Reading: Purpur by Karin Hermes

The Berlin-based dancer and sculptor Oda Schottmüller is torn between her desire to dance and create artistically regardless of the political situation, and her need to stand up to the Nazis. When her friend Hans Coppi asks whether the resistance group around him—called the “Rote Kapelle” by the Nazis—may use her studio in her absence to transmit radio messages, she agrees hesitantly. Later, she also passes on encrypted information through dance scores. She carries a score in the false bottom of her suitcase to Munich, from where it makes its way to Zurich. There, the coded information is received by Elfriede and taken to the Swiss group of the Rote Kapelle in Bern, which radios it on to London and Moscow.
Oda Schottmüller and her fellow activists are arrested in 1942 and sentenced to death. Oda dances with death, accompanied by prison chaplain Harald Poelchnau, who secretly shelters Jewish people.
The historical fiction Purpur sheds light on a little-known aspect of resistance to National Socialism. The narrative arc extends as far as the Swiss Crypto scandal, in which Max, Elfriede’s grandson, is implicated—turning his life of luxury upside down.

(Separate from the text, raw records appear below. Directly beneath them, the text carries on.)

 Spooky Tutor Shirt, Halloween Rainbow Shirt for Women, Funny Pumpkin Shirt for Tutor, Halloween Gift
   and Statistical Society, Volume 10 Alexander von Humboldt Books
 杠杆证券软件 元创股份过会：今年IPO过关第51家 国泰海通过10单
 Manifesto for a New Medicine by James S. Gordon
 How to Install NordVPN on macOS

Purpur emerged from the project Die Rote Kapelle, which was awarded the Swiss Dance Prize, Cultural Heritage Dance, in 2020. Bern-based choreographer and choreologist Karin Hermes developed a historical fiction in collaboration with the SAPA Foundation, Swiss archive of the Performing Arts, the Deutsches Tanzarchive, and the Centre National de Danse in Paris, placing Swiss dance heritage within the context of the Second World War.